11.27.08 | marriage | 6 Comments

Wednesday night as we waited for Australia to start, my sisters and I discussed men. Mary’s marriage imploded earlier this year, and Karen is now much less starry-eyed at the prospect of love and romance than Mary and I were when we were nineteen. Karen asked us how she could ever know if it was the right thing to marry someone. How do you know they won’t hurt you as my sister has been hurt?

Of course you can’t know.

Dick could turn out to be a mass murderer tomorrow, and I would be the last person to know.

Not really. I keep pretty close tabs on that boy.
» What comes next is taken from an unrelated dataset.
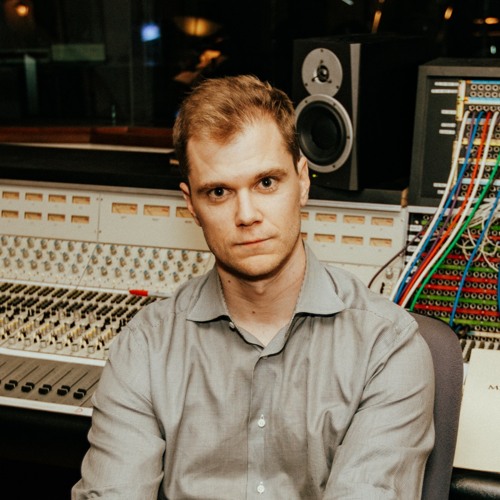 Stream Rose Nick Keller by Nick Keller Listen online for free on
As I’ve told my sisters before, I knew that I had to marry Dick. That he was it. When he got cold feet after we’d been engaged for about a month (remember this is also just a month after we met), I felt that my life was over, and not just in a Twilight “I love you even though you’re a vampire and sometimes want to eat me” sort of way.
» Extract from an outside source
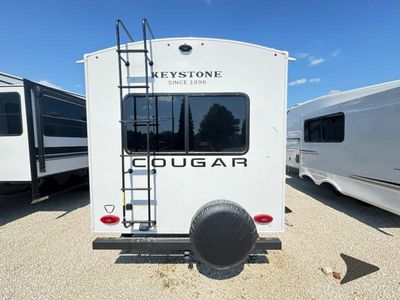 2026 Keystone RV Cougar Half-Ton - Photo 7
Basically, I said, Dick is my evidence that there is a God and that He cares about me.

Mary turned to Karen and said, “You’d think she’d treat him better, then.”

What? I treat Dick JUST FINE.

Maybe sometimes I get exasperated by Dick’s always dwelling in the land of never-never. In the kitchen, making mincemeat pie with his dad for Thanksgiving, Dick reminds me of Anne of Green Gables, who is always so busy daydreaming she forgets to add flour.

Sometimes I can’t revel in the nice things Dick does (like taking the kids home for bed while I see a movie with my sisters) because the next morning he brings them back to my parents looking like raggedy orphans.

You know how they say that in order to counteract one criticism you have to give seven compliments? It’s like that. Dick does or says one irritating thing, and suddenly the five or six thoughtful things he did just don’t quite make up for it.

Well, today he did one small thing that I think is the nicest thing anyone has ever done for me.

I called him early to remind him to bring me fresh clothes and my glasses, and he told me how Susan, after snuggling with him in our bed this morning, had a little accident. We are not amused, Susan. You can’t just go an entire year accident-free and then have three accidents in two days, including one in MY BED.

Dick got a bit impatient with the long list of things I needed from the house. And the butter and ice cream and bacon I needed from the store. He may even have snapped when I suggested he get a pen and paper to write this all down. Wasn’t I sympathetic that he had to FIND THE BAKING SODA and THROW THE SHEETS DOWN TO THE LAUNDRY ROOM?

So finally he made it to my parents. He told me where everything on my list was, and then he said, “I brought you a Mountain Dew.”

That he would think of this on his own, and actually remember it and try to shrug it off as “they were just sitting there right by the door to the garage” –

I don’t even know how many irritating things that counteracts, Dick. Maybe a million.